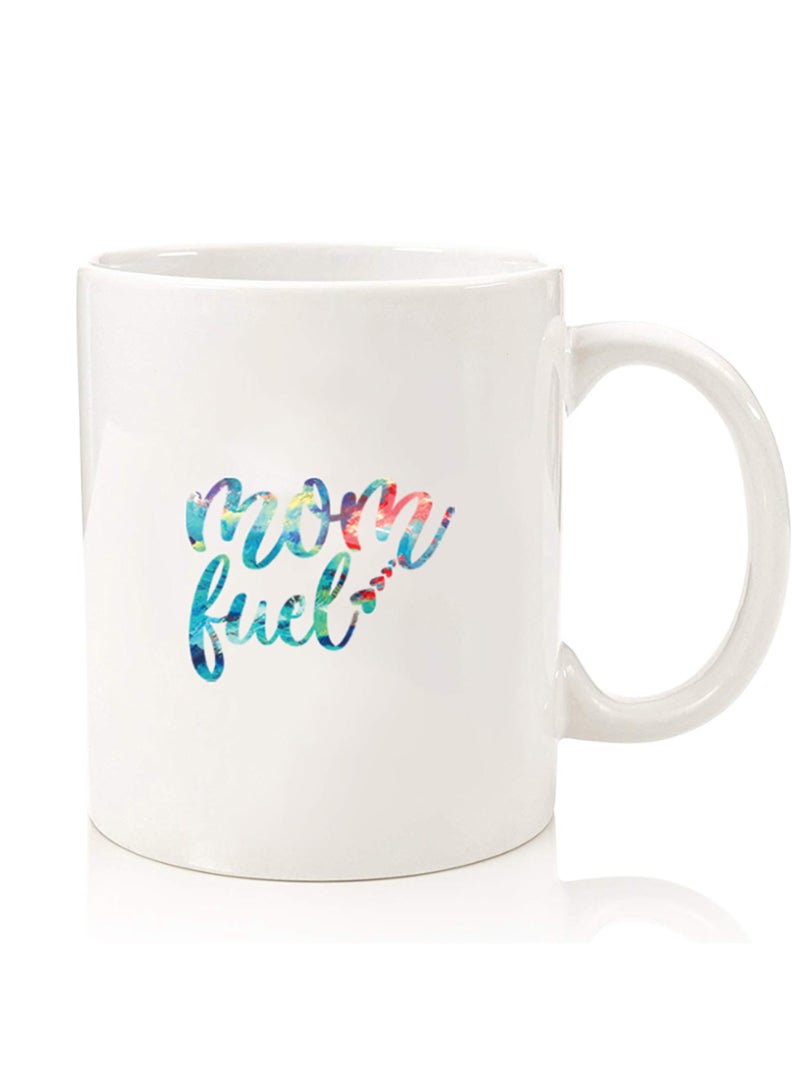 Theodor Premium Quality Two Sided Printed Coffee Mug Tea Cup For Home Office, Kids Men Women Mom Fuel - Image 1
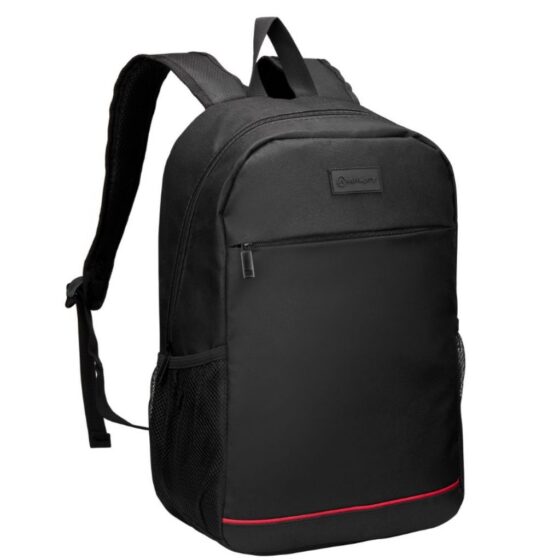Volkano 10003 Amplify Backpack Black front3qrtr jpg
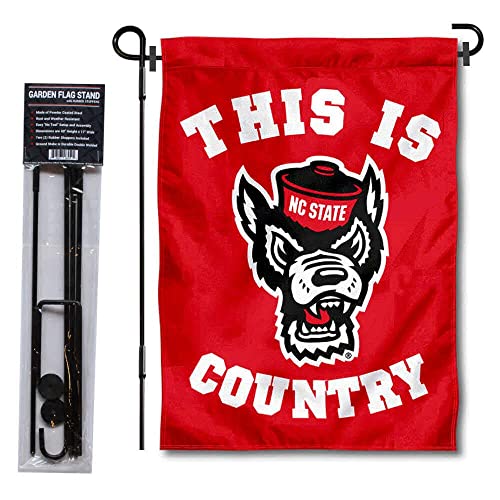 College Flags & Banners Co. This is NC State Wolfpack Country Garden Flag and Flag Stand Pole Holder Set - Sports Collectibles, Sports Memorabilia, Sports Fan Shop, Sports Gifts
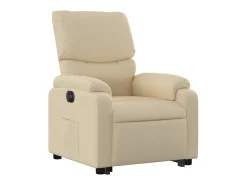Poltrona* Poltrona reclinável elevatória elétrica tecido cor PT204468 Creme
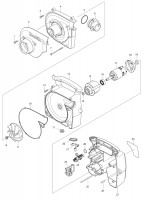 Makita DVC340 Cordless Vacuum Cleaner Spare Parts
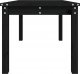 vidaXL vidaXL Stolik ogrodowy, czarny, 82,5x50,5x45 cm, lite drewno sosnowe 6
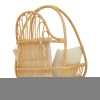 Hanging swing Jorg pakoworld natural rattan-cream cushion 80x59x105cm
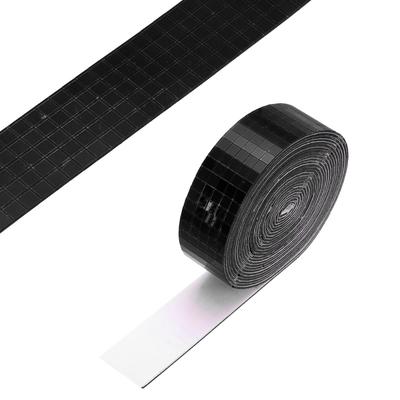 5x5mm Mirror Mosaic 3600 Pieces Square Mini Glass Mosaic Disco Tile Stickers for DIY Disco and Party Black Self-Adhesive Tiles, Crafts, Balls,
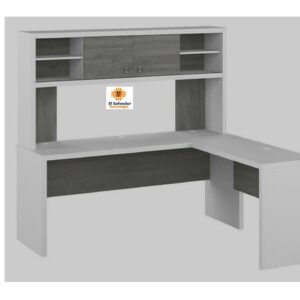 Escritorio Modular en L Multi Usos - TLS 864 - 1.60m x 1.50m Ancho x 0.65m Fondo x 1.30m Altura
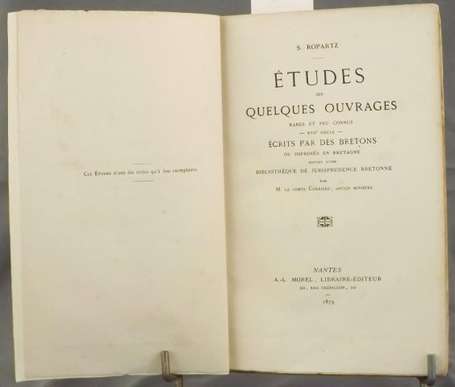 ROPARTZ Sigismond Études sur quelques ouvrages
++++++++++++++++++++
**Activity**
From the line containing "Makita DVC340 Cordless" down to the final line of the listing above, write out only those lines exactly as they are, minus the pictures.

**Response to this exercise**
 Makita DVC340 Cordless Vacuum Cleaner Spare Parts
 vidaXL vidaXL Stolik ogrodowy, czarny, 82,5x50,5x45 cm, lite drewno sosnowe 6
 Hanging swing Jorg pakoworld natural rattan-cream cushion 80x59x105cm
 5x5mm Mirror Mosaic 3600 Pieces Square Mini Glass Mosaic Disco Tile Stickers for DIY Disco and Party Black Self-Adhesive Tiles, Crafts, Balls,
 Escritorio Modular en L Multi Usos - TLS 864 - 1.60m x 1.50m Ancho x 0.65m Fondo x 1.30m Altura
 ROPARTZ Sigismond Études sur quelques ouvrages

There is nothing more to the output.